[Excerpted data Boundary: Start]

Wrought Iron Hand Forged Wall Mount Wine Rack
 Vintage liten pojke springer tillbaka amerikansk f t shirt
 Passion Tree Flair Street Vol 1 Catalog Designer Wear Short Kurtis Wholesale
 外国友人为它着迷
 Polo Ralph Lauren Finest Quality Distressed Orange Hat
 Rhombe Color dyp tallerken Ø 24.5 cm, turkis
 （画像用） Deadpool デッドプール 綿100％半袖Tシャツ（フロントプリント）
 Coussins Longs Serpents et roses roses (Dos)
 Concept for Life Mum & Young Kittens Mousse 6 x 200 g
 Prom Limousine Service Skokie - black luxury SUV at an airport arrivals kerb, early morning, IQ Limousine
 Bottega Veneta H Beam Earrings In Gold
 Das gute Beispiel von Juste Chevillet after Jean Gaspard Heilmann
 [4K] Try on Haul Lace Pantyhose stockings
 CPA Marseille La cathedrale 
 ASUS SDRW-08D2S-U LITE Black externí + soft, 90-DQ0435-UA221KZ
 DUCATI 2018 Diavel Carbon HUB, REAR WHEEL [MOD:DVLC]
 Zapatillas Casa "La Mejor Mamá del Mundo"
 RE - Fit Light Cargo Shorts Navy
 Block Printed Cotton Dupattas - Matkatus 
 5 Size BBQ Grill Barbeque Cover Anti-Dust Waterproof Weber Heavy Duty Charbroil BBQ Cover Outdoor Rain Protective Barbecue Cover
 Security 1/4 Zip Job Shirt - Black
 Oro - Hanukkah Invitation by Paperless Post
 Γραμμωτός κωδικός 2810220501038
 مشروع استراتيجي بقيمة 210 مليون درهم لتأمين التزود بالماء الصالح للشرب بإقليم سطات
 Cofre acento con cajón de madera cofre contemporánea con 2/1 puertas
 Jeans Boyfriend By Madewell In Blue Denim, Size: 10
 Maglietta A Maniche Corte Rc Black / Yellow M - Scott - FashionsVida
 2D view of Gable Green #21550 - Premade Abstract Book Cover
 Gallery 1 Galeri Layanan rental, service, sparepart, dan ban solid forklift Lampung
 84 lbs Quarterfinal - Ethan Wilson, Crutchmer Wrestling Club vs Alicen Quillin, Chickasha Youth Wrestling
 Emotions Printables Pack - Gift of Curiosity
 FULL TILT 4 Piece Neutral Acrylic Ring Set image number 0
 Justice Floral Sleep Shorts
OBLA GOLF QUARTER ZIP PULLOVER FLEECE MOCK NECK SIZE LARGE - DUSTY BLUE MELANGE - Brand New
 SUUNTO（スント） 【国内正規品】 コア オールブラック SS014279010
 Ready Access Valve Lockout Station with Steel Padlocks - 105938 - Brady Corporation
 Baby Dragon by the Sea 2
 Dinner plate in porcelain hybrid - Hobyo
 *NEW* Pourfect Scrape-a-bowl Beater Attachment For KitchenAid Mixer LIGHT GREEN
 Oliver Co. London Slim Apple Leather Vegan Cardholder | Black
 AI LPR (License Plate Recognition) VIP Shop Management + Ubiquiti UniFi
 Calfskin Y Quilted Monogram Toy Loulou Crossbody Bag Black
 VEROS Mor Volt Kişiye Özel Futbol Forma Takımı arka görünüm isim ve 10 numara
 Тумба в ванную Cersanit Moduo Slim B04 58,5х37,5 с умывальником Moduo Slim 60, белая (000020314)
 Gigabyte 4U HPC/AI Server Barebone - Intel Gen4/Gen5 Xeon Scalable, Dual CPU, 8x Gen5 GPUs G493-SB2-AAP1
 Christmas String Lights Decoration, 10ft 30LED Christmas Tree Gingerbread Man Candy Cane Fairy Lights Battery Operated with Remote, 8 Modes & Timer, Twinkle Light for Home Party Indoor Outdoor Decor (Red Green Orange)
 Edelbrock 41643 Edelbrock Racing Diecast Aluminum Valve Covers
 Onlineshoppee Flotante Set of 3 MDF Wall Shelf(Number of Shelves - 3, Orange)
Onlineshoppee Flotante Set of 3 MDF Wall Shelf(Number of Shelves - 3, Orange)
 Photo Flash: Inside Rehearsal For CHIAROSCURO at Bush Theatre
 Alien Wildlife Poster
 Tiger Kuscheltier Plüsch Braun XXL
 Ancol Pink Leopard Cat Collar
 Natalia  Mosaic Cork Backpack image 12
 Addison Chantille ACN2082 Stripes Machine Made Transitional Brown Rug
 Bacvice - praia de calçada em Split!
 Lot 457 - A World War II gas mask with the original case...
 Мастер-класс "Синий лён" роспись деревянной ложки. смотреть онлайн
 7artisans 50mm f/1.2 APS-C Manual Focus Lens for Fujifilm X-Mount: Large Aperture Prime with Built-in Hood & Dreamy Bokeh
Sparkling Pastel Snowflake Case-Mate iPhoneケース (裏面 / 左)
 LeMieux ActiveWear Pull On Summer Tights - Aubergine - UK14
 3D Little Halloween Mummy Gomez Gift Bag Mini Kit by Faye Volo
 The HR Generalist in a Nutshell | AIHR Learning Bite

[Excerpted data Boundary: End]

**Activity:** The only acceptable answer is the full set of entries, repeated exactly.

**Solution to this task:**
Wrought Iron Hand Forged Wall Mount Wine Rack
 Vintage liten pojke springer tillbaka amerikansk f t shirt
 Passion Tree Flair Street Vol 1 Catalog Designer Wear Short Kurtis Wholesale
 外国友人为它着迷
 Polo Ralph Lauren Finest Quality Distressed Orange Hat
 Rhombe Color dyp tallerken Ø 24.5 cm, turkis
 （画像用） Deadpool デッドプール 綿100％半袖Tシャツ（フロントプリント）
 Coussins Longs Serpents et roses roses (Dos)
 Concept for Life Mum & Young Kittens Mousse 6 x 200 g
 Prom Limousine Service Skokie - black luxury SUV at an airport arrivals kerb, early morning, IQ Limousine
 Bottega Veneta H Beam Earrings In Gold
 Das gute Beispiel von Juste Chevillet after Jean Gaspard Heilmann
 [4K] Try on Haul Lace Pantyhose stockings
 CPA Marseille La cathedrale 
 ASUS SDRW-08D2S-U LITE Black externí + soft, 90-DQ0435-UA221KZ
 DUCATI 2018 Diavel Carbon HUB, REAR WHEEL [MOD:DVLC]
 Zapatillas Casa "La Mejor Mamá del Mundo"
 RE - Fit Light Cargo Shorts Navy
 Block Printed Cotton Dupattas - Matkatus 
 5 Size BBQ Grill Barbeque Cover Anti-Dust Waterproof Weber Heavy Duty Charbroil BBQ Cover Outdoor Rain Protective Barbecue Cover
 Security 1/4 Zip Job Shirt - Black
 Oro - Hanukkah Invitation by Paperless Post
 Γραμμωτός κωδικός 2810220501038
 مشروع استراتيجي بقيمة 210 مليون درهم لتأمين التزود بالماء الصالح للشرب بإقليم سطات
 Cofre acento con cajón de madera cofre contemporánea con 2/1 puertas
 Jeans Boyfriend By Madewell In Blue Denim, Size: 10
 Maglietta A Maniche Corte Rc Black / Yellow M - Scott - FashionsVida
 2D view of Gable Green #21550 - Premade Abstract Book Cover
 Gallery 1 Galeri Layanan rental, service, sparepart, dan ban solid forklift Lampung
 84 lbs Quarterfinal - Ethan Wilson, Crutchmer Wrestling Club vs Alicen Quillin, Chickasha Youth Wrestling
 Emotions Printables Pack - Gift of Curiosity
 FULL TILT 4 Piece Neutral Acrylic Ring Set image number 0
 Justice Floral Sleep Shorts
OBLA GOLF QUARTER ZIP PULLOVER FLEECE MOCK NECK SIZE LARGE - DUSTY BLUE MELANGE - Brand New
 SUUNTO（スント） 【国内正規品】 コア オールブラック SS014279010
 Ready Access Valve Lockout Station with Steel Padlocks - 105938 - Brady Corporation
 Baby Dragon by the Sea 2
 Dinner plate in porcelain hybrid - Hobyo
 *NEW* Pourfect Scrape-a-bowl Beater Attachment For KitchenAid Mixer LIGHT GREEN
 Oliver Co. London Slim Apple Leather Vegan Cardholder | Black
 AI LPR (License Plate Recognition) VIP Shop Management + Ubiquiti UniFi
 Calfskin Y Quilted Monogram Toy Loulou Crossbody Bag Black
 VEROS Mor Volt Kişiye Özel Futbol Forma Takımı arka görünüm isim ve 10 numara
 Тумба в ванную Cersanit Moduo Slim B04 58,5х37,5 с умывальником Moduo Slim 60, белая (000020314)
 Gigabyte 4U HPC/AI Server Barebone - Intel Gen4/Gen5 Xeon Scalable, Dual CPU, 8x Gen5 GPUs G493-SB2-AAP1
 Christmas String Lights Decoration, 10ft 30LED Christmas Tree Gingerbread Man Candy Cane Fairy Lights Battery Operated with Remote, 8 Modes & Timer, Twinkle Light for Home Party Indoor Outdoor Decor (Red Green Orange)
 Edelbrock 41643 Edelbrock Racing Diecast Aluminum Valve Covers
 Onlineshoppee Flotante Set of 3 MDF Wall Shelf(Number of Shelves - 3, Orange)
Onlineshoppee Flotante Set of 3 MDF Wall Shelf(Number of Shelves - 3, Orange)
 Photo Flash: Inside Rehearsal For CHIAROSCURO at Bush Theatre
 Alien Wildlife Poster
 Tiger Kuscheltier Plüsch Braun XXL
 Ancol Pink Leopard Cat Collar
 Natalia  Mosaic Cork Backpack image 12
 Addison Chantille ACN2082 Stripes Machine Made Transitional Brown Rug
 Bacvice - praia de calçada em Split!
 Lot 457 - A World War II gas mask with the original case...
 Мастер-класс "Синий лён" роспись деревянной ложки. смотреть онлайн
 7artisans 50mm f/1.2 APS-C Manual Focus Lens for Fujifilm X-Mount: Large Aperture Prime with Built-in Hood & Dreamy Bokeh
Sparkling Pastel Snowflake Case-Mate iPhoneケース (裏面 / 左)
 LeMieux ActiveWear Pull On Summer Tights - Aubergine - UK14
 3D Little Halloween Mummy Gomez Gift Bag Mini Kit by Faye Volo
 The HR Generalist in a Nutshell | AIHR Learning Bite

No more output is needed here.